DOWNTOWN — Jimmie Tucker says he used to spend $12 a night to sleep in a place with chicken wire for a ceiling. But he didn't move out until about 18 months ago, when the building's manager died and he decided conditions were finally unbearable.

Tucker didn't have anywhere to stay, though. He turned to panhandling in front of a Lakeview Walgreens, pining to get the $45 he needed to stay the night in a nearby hotel. The nights he didn't, he slept on the train. 

Tucker is one of 10 people with StreetWise, the socially conscious magazine sold on city corners by underemployed and often homeless vendors here, branching into T-shirts just for Wednesday on Michigan Avenue. 

The magazine was outfitted with 500 shirts with 10 different designs, which StreetWise vendors are selling for $20 each till 8 p.m. Wednesday at the McCormick Bridgehouse, 376 N. Michigan Ave. Ten StreetWise vendors selected through a lottery, including Tucker, will split the proceeds, which could reach $10,000.

The idea was hatched by Scott Marvel of River North-based Daily Planet, which produces videos and provides other services for clients.
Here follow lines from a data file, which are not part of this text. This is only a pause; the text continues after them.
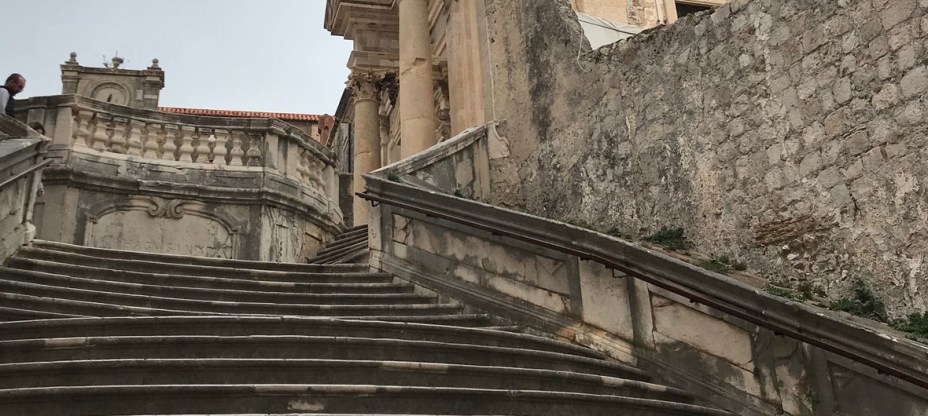 Escadaria jesuíta em Dubrovnik - Croácia | Porto Real. A punição pública de Cersei Lannister foi gravada na Croácia. A escadaria jesuíta de Dubrovnik foi o ponto de partida da caminhada de Cersei. Na vida real, os degraus levam à igreja de Santo Inácio de Loyola e à Faculdade Jesuíta. O local se tornou um ponto muito procurado por turistas após a 5ª temporada da série.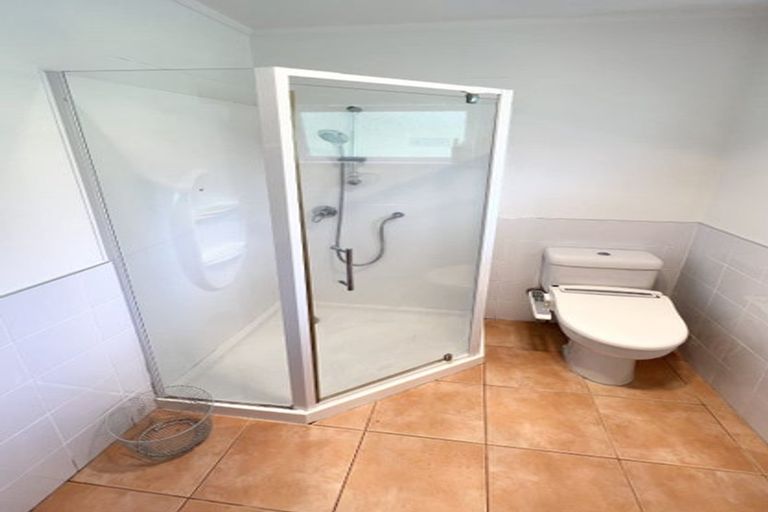 Photo of property in 2/66 Bentley Avenue, Glenfield, Auckland, 0629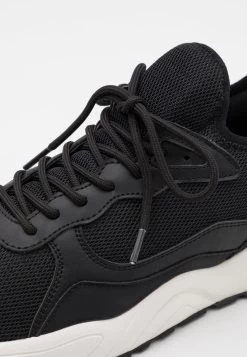 Pier One UnisexSneakers BasseBlack Donna Sneakers PI915O00M-Q11 -Pier One 36cbe66cb08a40fbabcf0b96746d0e15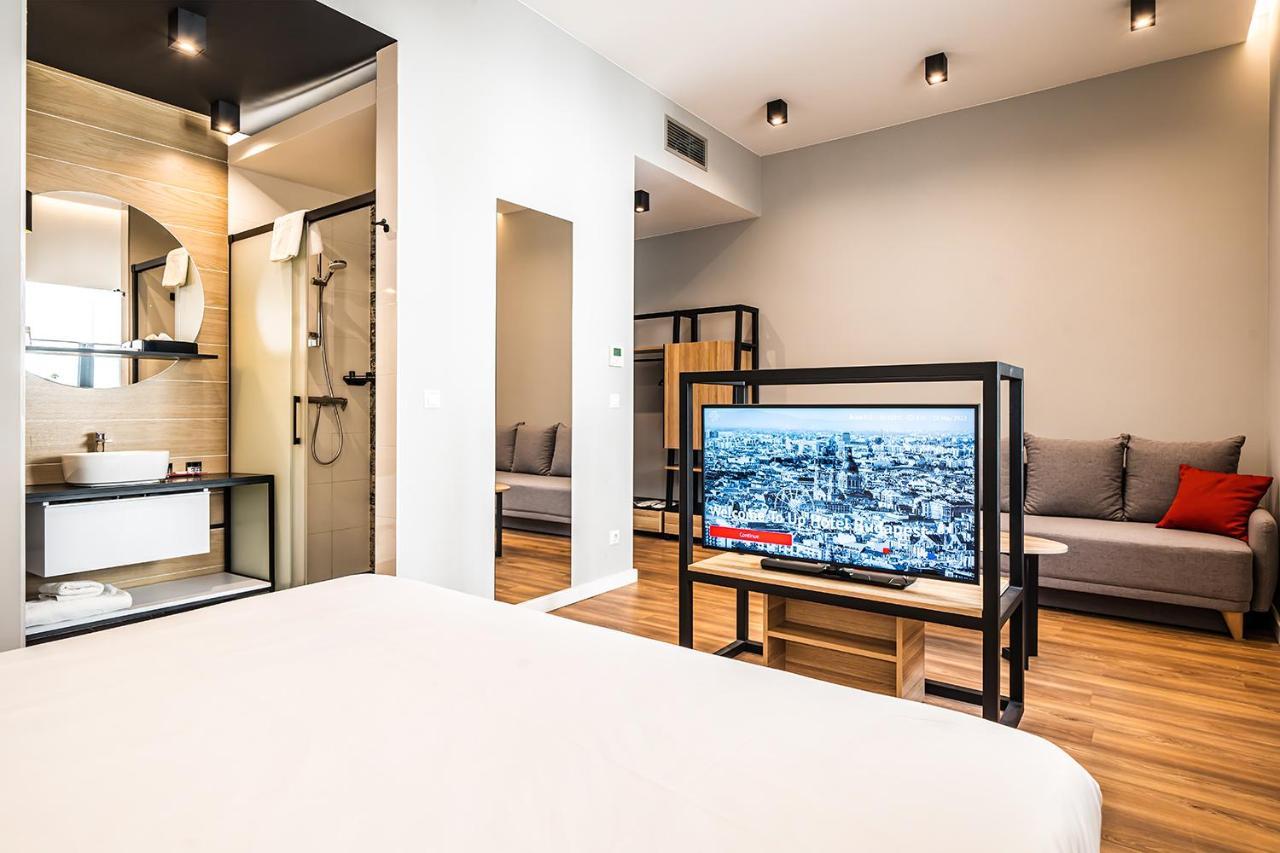 Quarto Superior com Sofá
Marvel, who also controls a shirt company, enlisted himself and nine other designers for the event, was inspired by a StreetWise vendor posted near his office. 

"He said  ... 'I have an interview, I need new clothes. I 'said we have a T-shirt company,'" Marvel said. "We made 20 shirts and he sold them that day for $10 a pop. We wanted to do something like that on a bigger scale." 


One of the shirt designs. [Provided]

The sales could make a big day for the StreetWise vendors, many of whom struggle with poverty and are accustomed to selling magazines for $2 each. Because of this, the event fits the mission of StreetWise giving vendors "economic stability with dignity," said Julie Youngquist, the magazine's executive director. 

"To quote our sister paper in the U.K. we're giving a hand up, not a hand out," said Youngquist.

StreetWise, based in Uptown, has been in circulation since 1992. 

A passerby has since hooked up Tucker with a StreetWise gig, and he's doing better now. Tucker says he makes about $100 a day selling magazines by that Walgreens at Broadway and Waveland Avenue. Just last month, he saved enough money to lease his own studio apartment. Shirt sales were good by late Wednesday morning. 

"We could be here for days. I got stories," Tucker said. "If I didn't have this job, I'd have nothing."